§ Work order
Write out only the lines from the top of the listing below through the one with "Hello everyone, my", exactly as they stand, while keeping pictures out of the copy.

** Data for analysis follows **

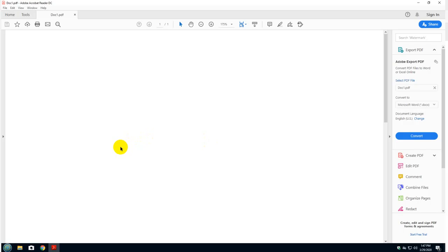Hello and welcome to my channel. Today I'm going to show you how to create a digital signature.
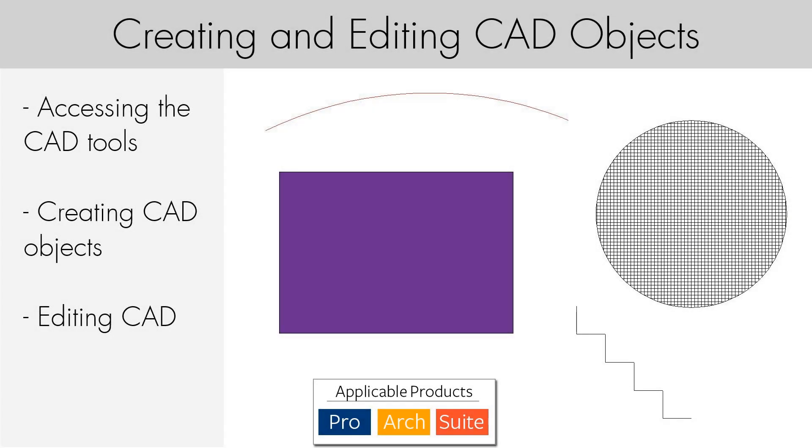In this video we will discuss how to locate the various CAD tools in Home Designer, how to create CAD objects in your plan, and how to edit the CAD objects after they have been placed.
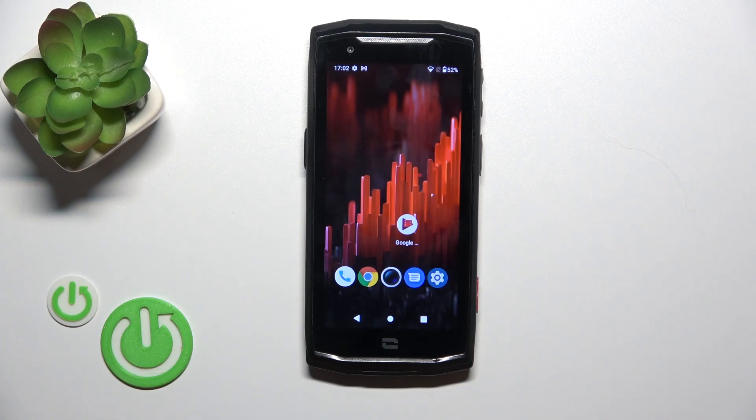Hi, this is the CrossCold Core M5 and I'll show you how to switch on the flashlight on this device.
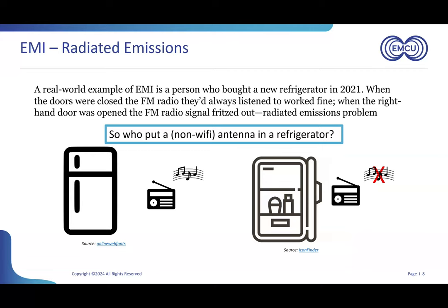Basically, it used to be that I could just say, 'Who would put an antenna in a refrigerator?' But now we have smart refrigerators that can probably communicate on Wi-Fi and Bluetooth. So now I have to say, 'Who would put a non-Wi-Fi or non-Bluetooth antenna in a refrigerator?' — specifically the kind of antenna that could affect an FM radio, which operates between 88 and 108 megahertz.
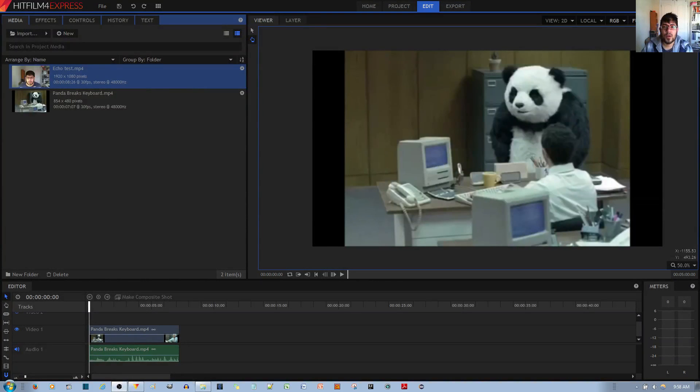In this video tutorial, I'll be showing you how to apply the echo effect to your audio clip in the HitFilm Express video editor.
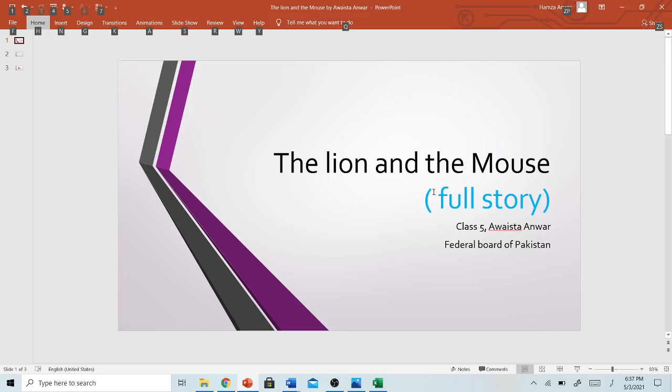Hello everyone, my name is Avesta Anwar and today we will be reading the story The Lion and the Mouse, Class 5 from the Federal Board of Pakistan. So let's start.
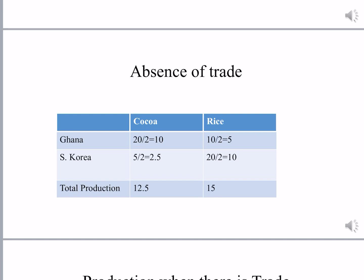Let us assume initially there is no trade. When there is no trade, both the countries have to produce both the goods. Let us also assume that both the countries use 50% of the resource for cocoa and 50% for rice. So we divide the numbers in the earlier table by 2. Production of cocoa in Ghana is 10 tons and production of rice in Ghana is 5 tons. Production of cocoa in South Korea is 2.5 tons and production of rice in South Korea is 10 tons, giving a total world production of 12.5 tons of cocoa and 15 tons of rice.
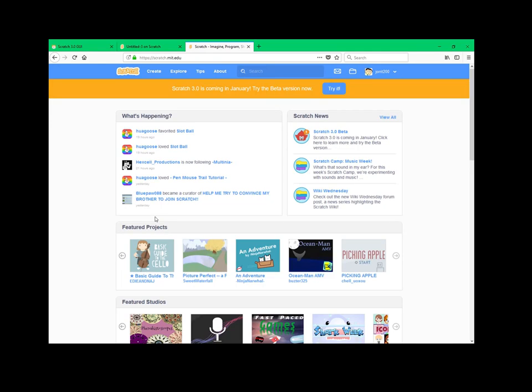Hey guys, so today I wanted to talk about the Scratch 3.0 update with some new features.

** End of Data for analysis **

§ Your response
Hello and welcome to my channel. Today I'm going to show you how to create a digital signature.
In this video we will discuss how to locate the various CAD tools in Home Designer, how to create CAD objects in your plan, and how to edit the CAD objects after they have been placed.
Hi, this is the CrossCold Core M5 and I'll show you how to switch on the flashlight on this device.
Basically, it used to be that I could just say, 'Who would put an antenna in a refrigerator?' But now we have smart refrigerators that can probably communicate on Wi-Fi and Bluetooth. So now I have to say, 'Who would put a non-Wi-Fi or non-Bluetooth antenna in a refrigerator?' — specifically the kind of antenna that could affect an FM radio, which operates between 88 and 108 megahertz.
In this video tutorial, I'll be showing you how to apply the echo effect to your audio clip in the HitFilm Express video editor.
Hello everyone, my name is Avesta Anwar and today we will be reading the story The Lion and the Mouse, Class 5 from the Federal Board of Pakistan. So let's start.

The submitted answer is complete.